2. Since our birth, we have been trained to think that there is a solution to every problem. We have been conditioned to believe that we can "fix" anything. But perhaps there are some problems that don't have a solution. Perhaps, if one digs a hole deeply enough, he cannot climb back out.
Yesterday at lunch, a friend asked a similar question about "exit-strategy".
Again we talked about "the mess" ... "the hole" the U.S. has dug in Iraq. What to do now? Perhaps there is no way out of this mess ... this hole ... except at massive costs to the Anglo-American invaders. - Costs in tens of thousands of lives, stunning economic losses and the immeasurable costs of negative world opinion and future reprisals.
IMAGE: A casket containing the remains of Staff Sgt. Paul "Tony" Velazquez is carried to the Fort Sill Post Cemetery at Fort Sill, Okla., yesterday. Velazquez, 29, was one of 16 soldiers who died when their CH-47 Chinook went down near Fallujah, Iraq, on Nov. 2. - Randy Stotler/The Lawton (Okla) Constitution
Did we learn nothing from the deaths of 58,000 U.S. soldiers in the Viet Nam War?
The number of U.S. Troops killed in Iraq now exceeds the number killed in the early years of Viet Nam according to a recent Reuters analysis:
"The U.S. death toll in Iraq has surpassed the number of American soldiers killed during the first three years of the Vietnam War, the brutal Cold War conflict that cast a shadow over U.S. affairs for more than a generation".
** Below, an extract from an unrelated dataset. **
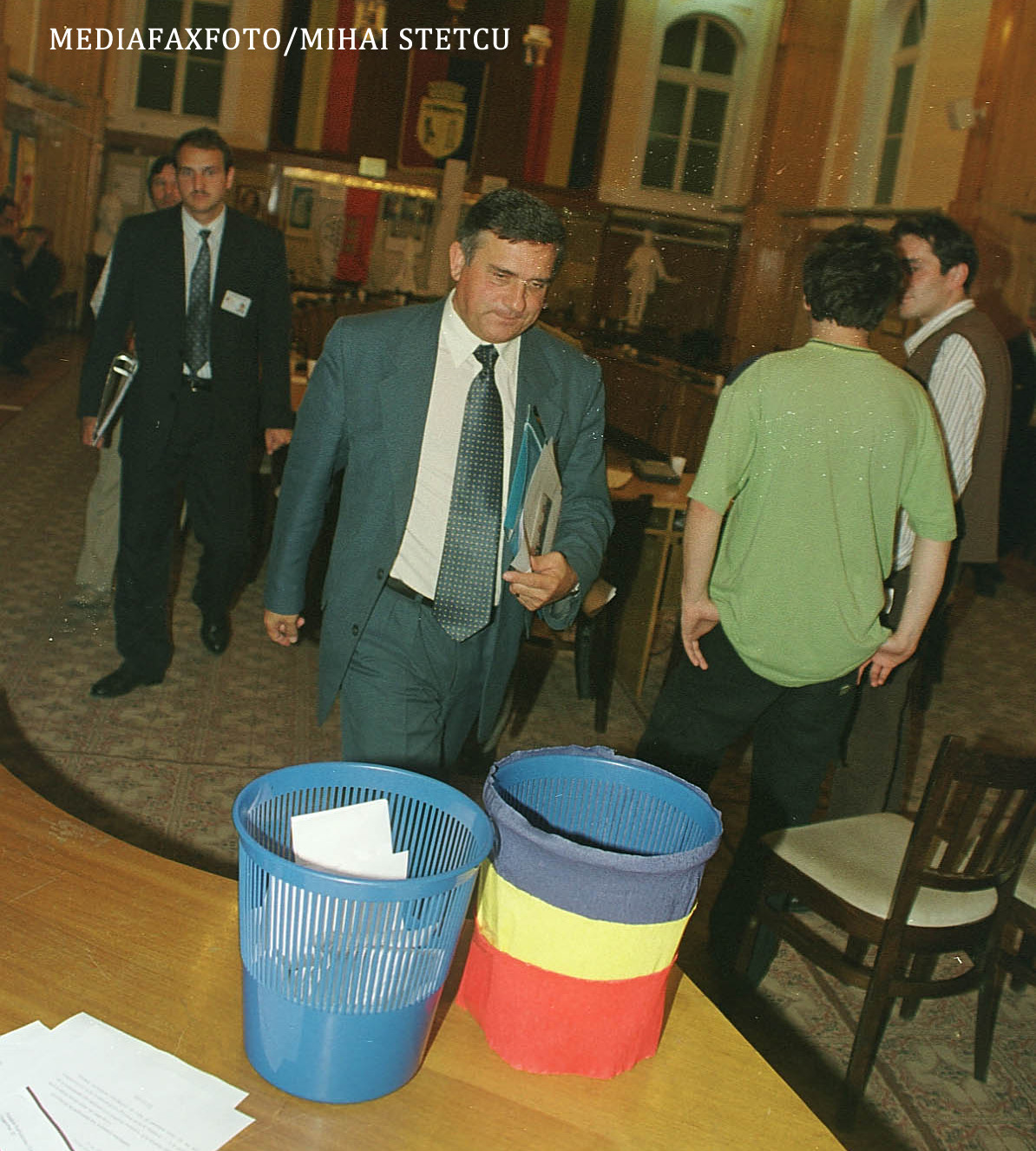 Gheorghe Funar cosuri tricolore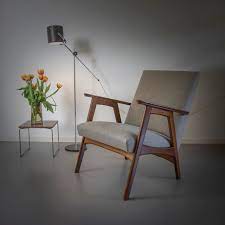 ziezoretro retrospectief op design meubels van toen stoel laten bekleden stoelen retro stoelen vintage stoelen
Their analysis of Defense Department statistics showed that the Vietnam War, which the Army says officially began on Dec. 11, 1961, produced a combined 392 fatal casualties from 1962 through 1964 - a period of 2 years. The killing of a U.S. soldier on November 12, 2003 brought the total of U.S. troops killed in Iraq to 397 - in just 8 months of fighting.
If one considers the number killed in the Washington regime's "war on terrorism", the numbers of U.S. military killed is even greater. In the same report, Reuters stated:
"Larger still is the number of American casualties from the broader U.S. war on terrorism, which has produced 488 military deaths in Iraq, Afghanistan, the Philippines, Southwest Asia and other locations."
How often I hear folks ask, "Did we learn nothing from Vietnam?
Can the embarrassing, tragic and costly American exit from Vietnam on April 29, 1975 be considered an "exit strategy"?
Can the invaders fleeing the country with their asses on fire be considered "an exit strategy"? Can we imagine any scenario in which the U.S. and British governments could possibly consider this a "successful war"?
Perhaps only in the minds of those White House advisors who apparently only wanted to destabilize the Middle East and turn Iraq into another Palestine and Baghdad into another Beirut. Also, perhaps those who profiteer from the war on Iraq will have considered it a success. But how can this ever be considered "a success" in the minds of civilized, sane and rational human beings?